Two candidates are vying for your support to be the next Rice County District 1 commissioner, which represents two precincts of Northfield, Dundas and much of the east side of the county (see attached map).
The two candidates are:
- Kathleen Doran-Norton
- Jake Gillen
Patch asked candidates to respond to a series of questions. Below, you will find responses from Doran-Norton. You can also read responses from incumbent Gillen here. Responses are written by the candidates and have not been edited by Patch.
In the coming weeks we'll run video interviews for candidates who are on Nov. 6's ballot in Northfield-related races. You can also find out more information about the candidates by checking out our election guide for all election-related stories.
Occupation: Currently Director of Enrollment Information and Research at St. Olaf College, I have worked in manufacturing, publishing and import companies.
Education: MBA, St. John Fisher College in Rochester, NY; MEd Rehabilitation Counseling from the University of Missouri-Columbia; BME in Music Therapy from the University of Missouri-Kansas City.
Political/community involvement: Bridgewater Township supervisor since 2006, Dundas Planning Commission member for 4 years, EPIC Enterprise board of directors since 2006, Convened the Rice Creek Concerned Citizens group
Why are you running for a seat on the Rice County Board of Commissioners?
Now in a time that my generation is retiring from the workforce, I think we have an opportunity to rethink county government, employ data-driven decision-making, use technology to help people work smarter, collaboration to share services and reduce cost. I have always been interested in public policy that creates healthy community – after my MBA I worked for the Center for Governmental Research in Rochester, NY; I have participated in Citizens League study committees on health care and post-secondary education; and convened the Rice Creek Concerned Citizens group to study how we protect our county’s only brook trout stream for future generations.
What’s the most pressing issue facing Rice County Board of Commissioners?
Of 87 counties, Rice County is the only one cited by the state for inadequate processing of its paperwork for certifying children and families for food stamps, emergency housing, child care and some medical service. While the county has taken some temporary action, there is more to do to move forward. The flip side of this issue is that we need to focus on economic development in new ways – collaborate in developing our workforce; focus on developing and maintaining our infrastructure – roads and Internet access.
What is something you think the current board has done well?
The county board has focused on economic development. Rice County is one of 11 Minnesota counties that funds economic development. For the $150,000 we’ve spend in county property levies, we’ve received about $2 million of outside funding.
What is something you think the current board hasn’t done well?
Rice County has prided itself in being the lowest tax county in the state, but it’s time to move beyond that. The county has called a halt to collaboration with other counties on social services. It has been slow to implement information systems which would improve efficiency and cost-effectiveness. It is not clear the board has sufficient information on hand to know when operations and services are falling behind and beginning to fail. It has not funded maintenance on 438 miles of county road ditches, harming habitat and causing more intensive use of chemicals. It could do a better job at informing the public in a way that mobilizes our community to change state policies and practices or to set goals that serve our community.
What would you have tried to do differently?
Collaborate with townships and cities, innovate our administrative work, use data-driven decision-making.
We need to think about our community goals across departments and across governmental units. For example, economic development needs to be more than one staff member in one department. It needs to be the basis of how we operate the county, working with the cities and townships, with other county offices – highways and planning and zoning – to create the best infrastructure and environment for business to grow.

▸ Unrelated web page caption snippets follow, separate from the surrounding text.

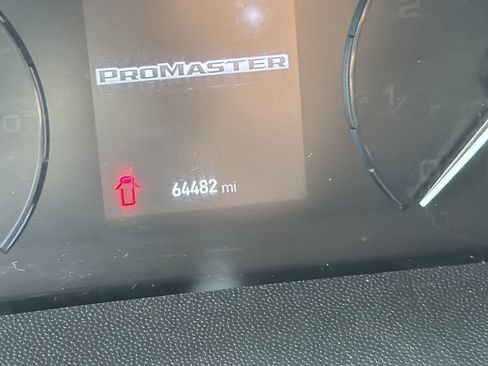 Used 2025 RAM ProMaster 2500 w/ Convenience Group FWD image 3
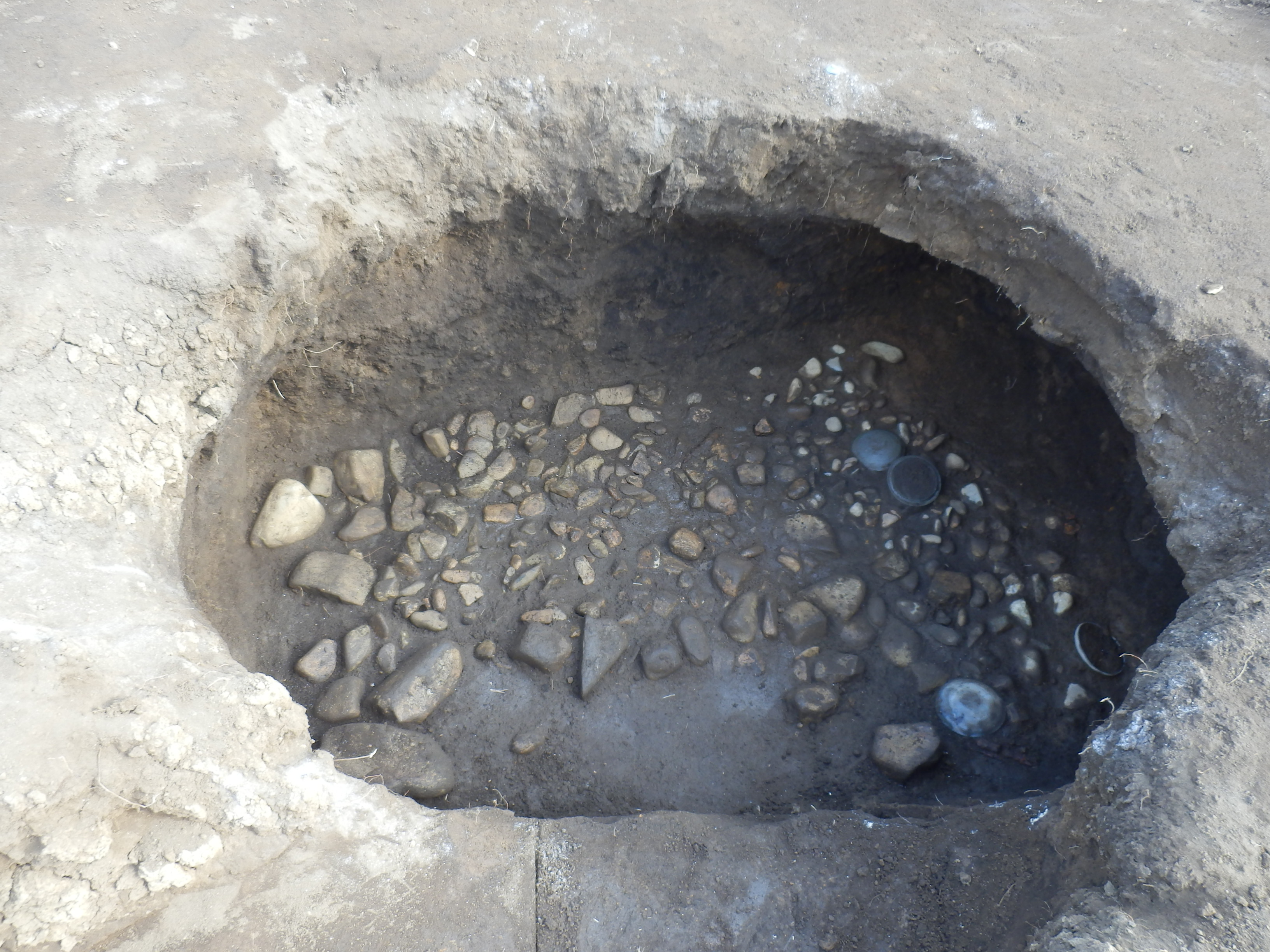 １号周辺で発見された地下式横穴墓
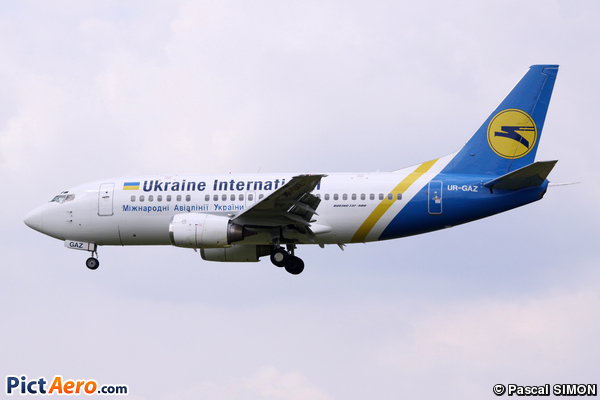 Boeing 737-55D (Ukraine International Airlines)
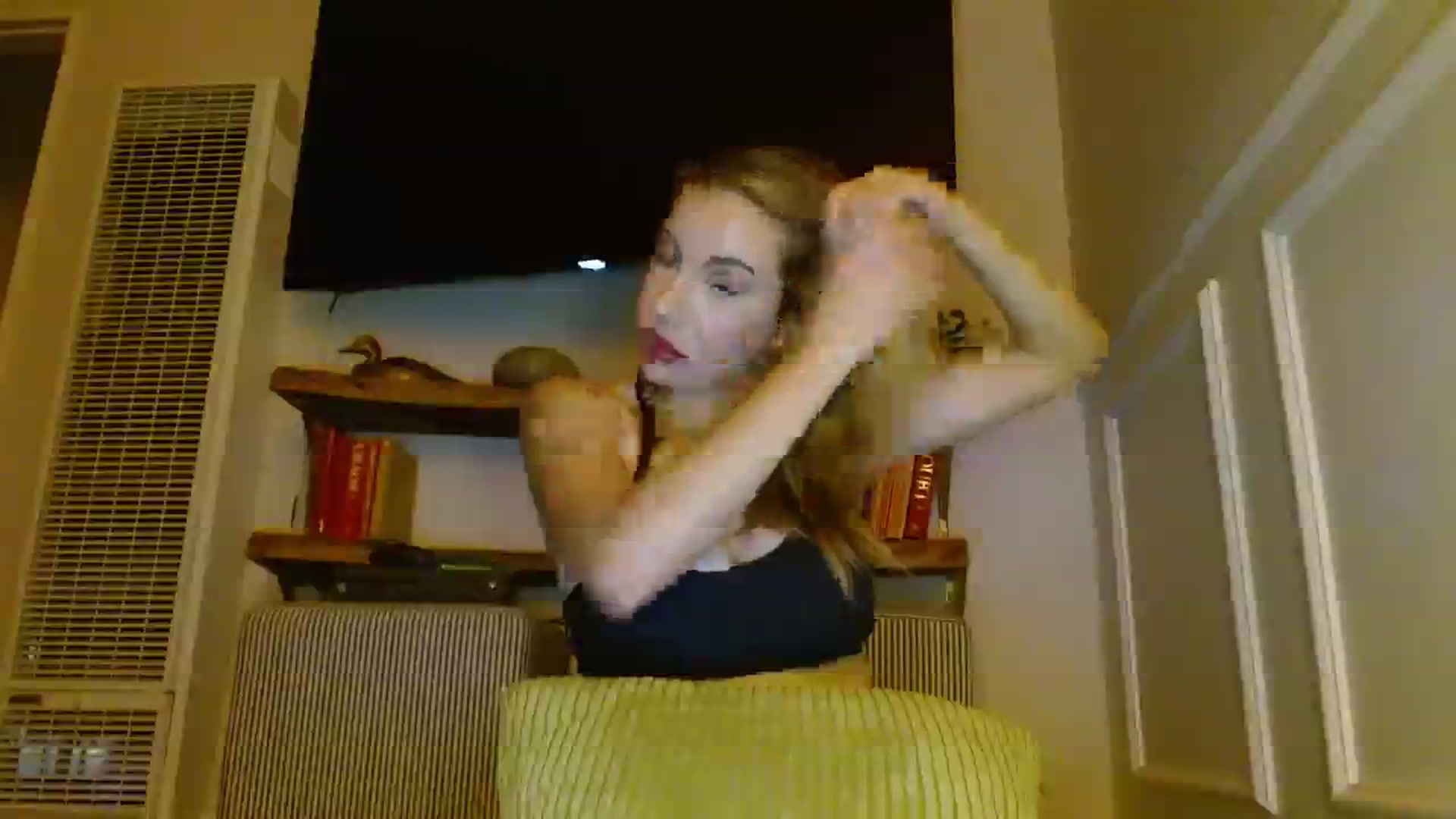 Gallery image thumbnail from SamIvery's myfreecams stream on, 11/16/2023, 02:50 image 19 of 20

Why should constituents vote for you on Election Day? What makes you a better choice than your opponent?
I have broad experience in business, in information technology, in reporting. I have served on a variety of boards, and have the knowledge and experience to evaluate budgets and finances. I am a hard worker, a high-energy person and very involved – I will make the time in my work and volunteer engagements to serve our county well. I listen, and consider every person’s thoughts and perspectives on issues. I will find the common ground among township and city, farmer and businesses and families. I am positive and focused on the future. If we work together, we can get things done. We can solve whatever challenges we face. We can build a better community, a more vital economy, and a healthier community.